In a 2010 interview, Li said: “Back then we did it with such energy — standing up to these officials with the law, appealing to dismiss them every chance we could, taking them to court, and for the first time putting the fear into these insufferably arrogant men, it was really a delight.”
On another occasion though, he noted the failure of these motions and court cases to dismiss officials, a supposed constitutional right: “Rights without procedural guarantee are not real rights.” Indeed, no Chinese law provides such procedures.
Zhao Yan is the epitome of a certain Northeastern type; he has a robust physique, a gutsy attitude, and a forceful style of speech. Li Baiguang, meanwhile, is short, quiet, and restrained — but he executes with rigor and firmness. Between 2003 and 2004, the two of them traveled to seven or eight provinces, Zhao Yan as the investigative reporter, Li Baiguang as legal representative, getting themselves involved in countless land theft and compensation cases and cases of village governance and corruption. Wherever they went they handed out volumes of legal statutes they’d brought from Beijing, including the PRC Constitution, the Organic Law of the Villagers’ Committees , the Law on Land Administration (《土地管理法》), the Law on Deputies to the National People’s Congress and Deputies to the People’s Congresses (《人大代表法》), the State Compensation Law (《国际赔偿法》), the Administrative Procedure Law (《行政诉讼法》), and others, all to assist those whose rights had been infringed to file an administrative review or a complaint.

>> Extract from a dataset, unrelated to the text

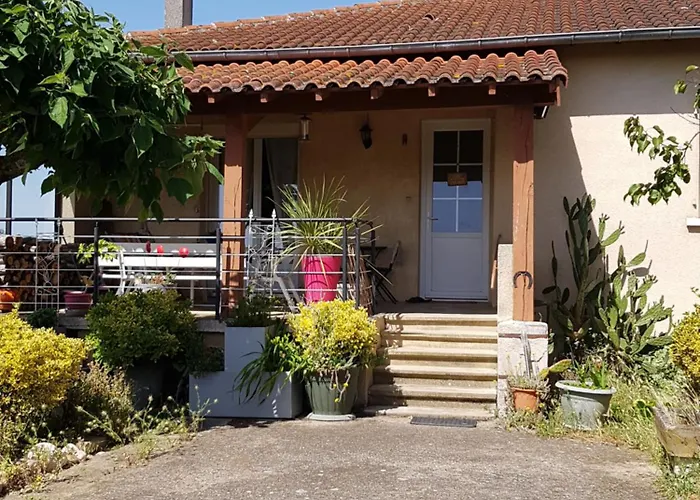 Maison De Campagne Fénols képek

The villagers were often skeptical of such efforts. “We might use the law to solve problems, but government workers and police don’t, so what are we supposed to do?” they asked Li. His response: “Then you must insist on using the law! Even though in the process you may pay a price in blood and sweat, and perhaps even lose your personal freedom for a while, you have to keep going.” He firmly believed that persistence would lead to change. He told them a few stories that exemplified the power of using the law, including cases he was personally involved in. In one instance, the family farm of his client, Ms. Liu Jie (刘杰) in Heilongjiang, was expropriated, and she persisted in using legal rights defense (Li Baiguang also wrote an open letter to state premier Wen Jiabao, inviting him to appear him court to meet charges); another story he told was of Yao Lifa (姚立法) in Hubei successfully becoming a People’s Deputy; and another of blind Shandong lawyer Chen Guangcheng (陈光诚) fighting for the rights of the disabled.

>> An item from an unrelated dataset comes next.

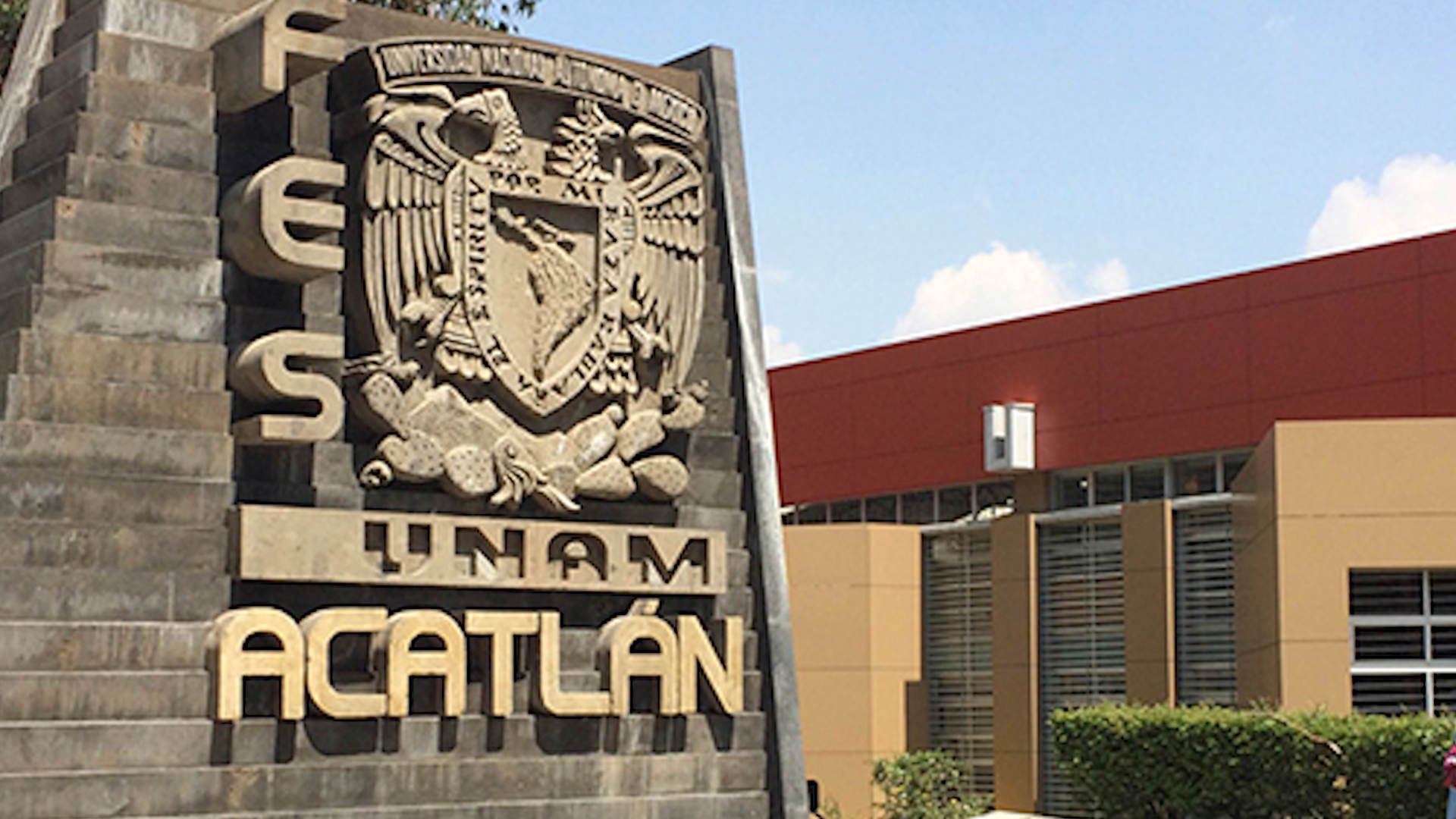 Tras casi 3 horas de asamblea, los estudiantes de la Fes Acatlán acordaron extender el paro hasta el 3 de Octubre para exigir el diálogo con autoridades.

“The infringement of one’s rights is in fact a perfect opportunity for the awakening of civil rights consciousness,” Li said. “Before their rights are violated, they don’t grasp the natural conflict between power and rights. When rights are harmed, the fierce battle between power and rights begins. What we citizens can do is use the power of the law to repel those with unfettered power. The process is arduous, but there is simply no alternative.”
During his doctoral studies, Li Baiguang wrote a pamphlet titled “A Common Sense Reader for Chinese Citizens” (《中国公民常识读本》), using a question-and-answer format to address basic questions about human rights, government, autocracy, democracy, the constitution, economy, public opinion, education and faith, and military affairs, among other issues related to democratic constitutionalism. After the real world experiences of 2003 and 2004 however, he wanted to instead use actual cases to illustrate the basic principles associated with power and rights, burn them onto CD-ROM, and distribute them in every village. He saw the work as basic civics education for the Chinese people.

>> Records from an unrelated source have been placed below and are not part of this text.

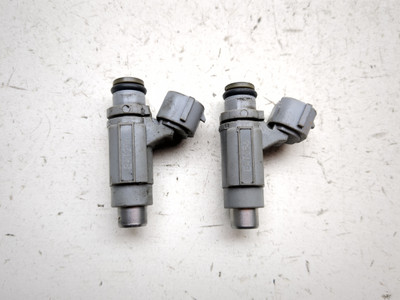 06-24 Suzuki VZR1800 M109R Boulevard BOSS Gas Fuel Injectors 2561971 EAT256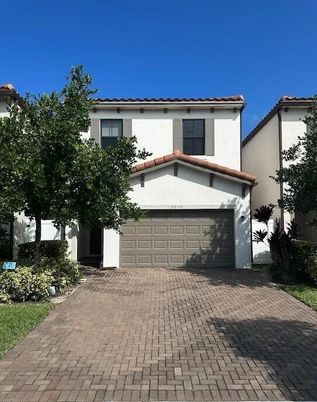 Attached, Exterior, Facade, Mediterranean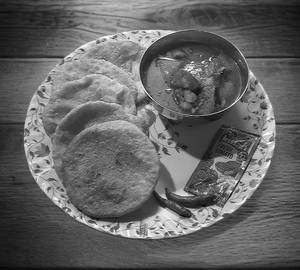 Kachori With Aloo Sabzi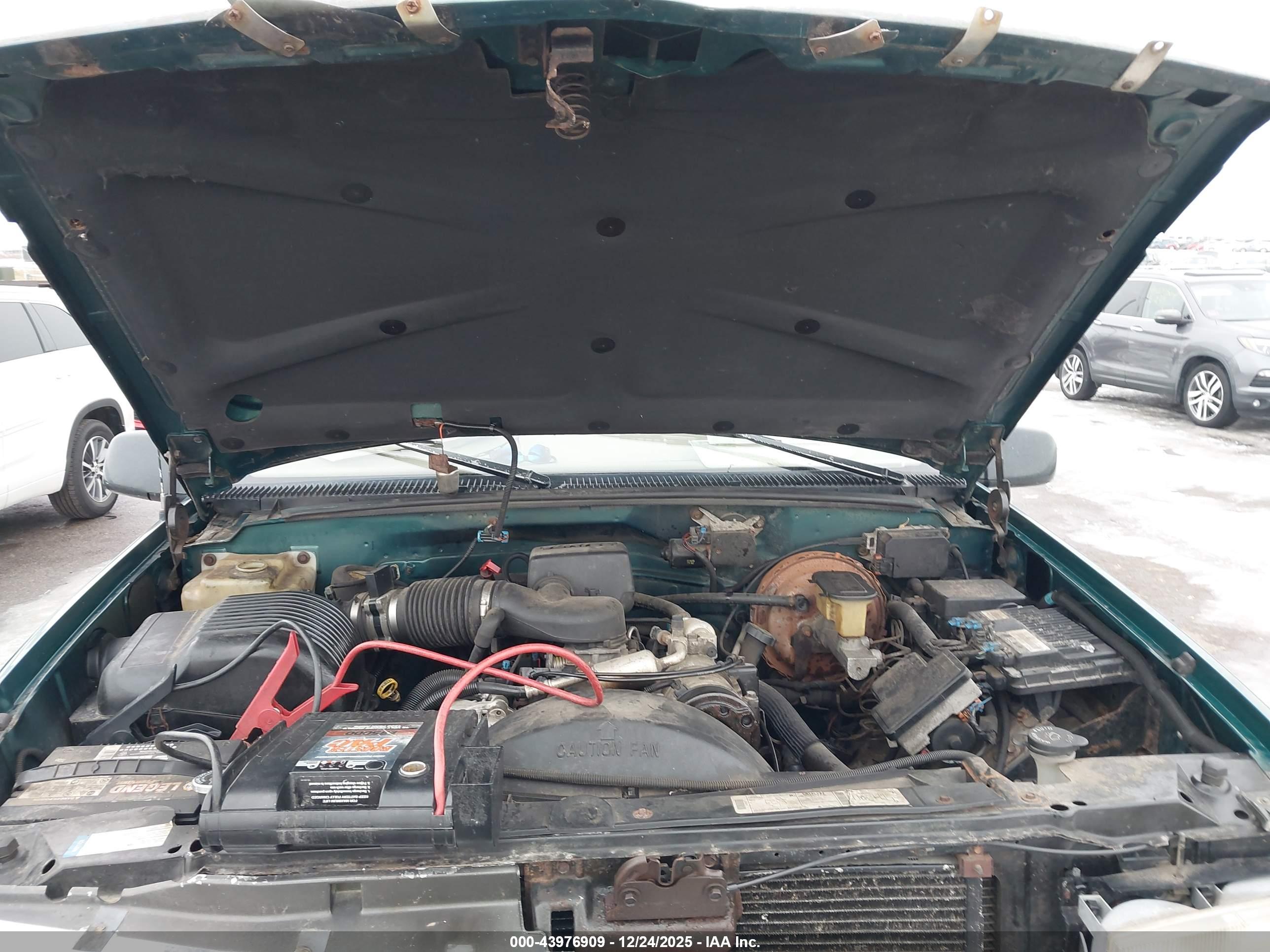 CHEVROLET K1500 image 10
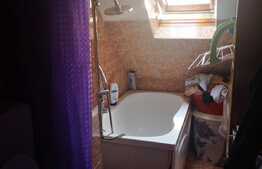 Apartament 2 camere, 50 mp, decomandat, zona Astra, mansardă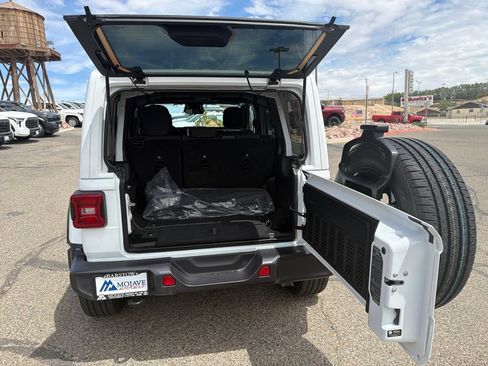 Used 2025 Jeep Wrangler Unlimited Sahara AWD/4WD image 15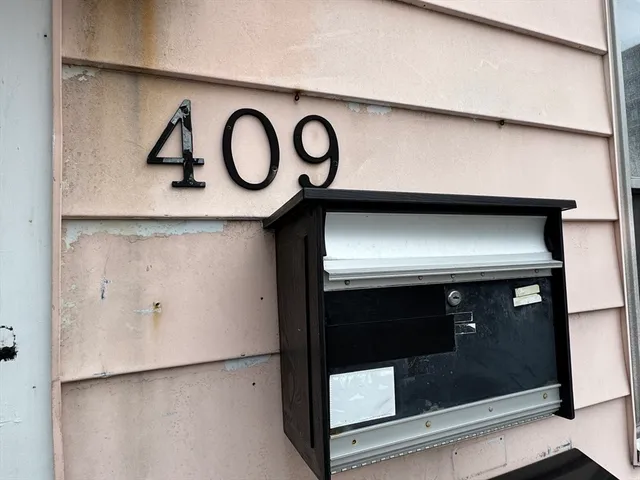 $2,200 | 409 Moody Street, Unit 1, Lowell, MA 01854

Rights Movement Spread All Over the Country
By 2004, Zhao Yan and Li Baiguang were under constant threat. Fuzhou police told the village deputies that Zhao and Li were criminals, and demanded that the deputies expose the two. The Fujian municipal government also dispatched a special investigation team to the hometowns of Li and Zhao to look into their family backgrounds. A public security official in Fu’an said: “Don’t you worry that Zhao and Li are still on the lam — that’s because it’s not time for their date with the devil just yet. Just wait till that day comes: we’ll grab them, put them in pig traps, and toss them into the ocean to feed the sharks!”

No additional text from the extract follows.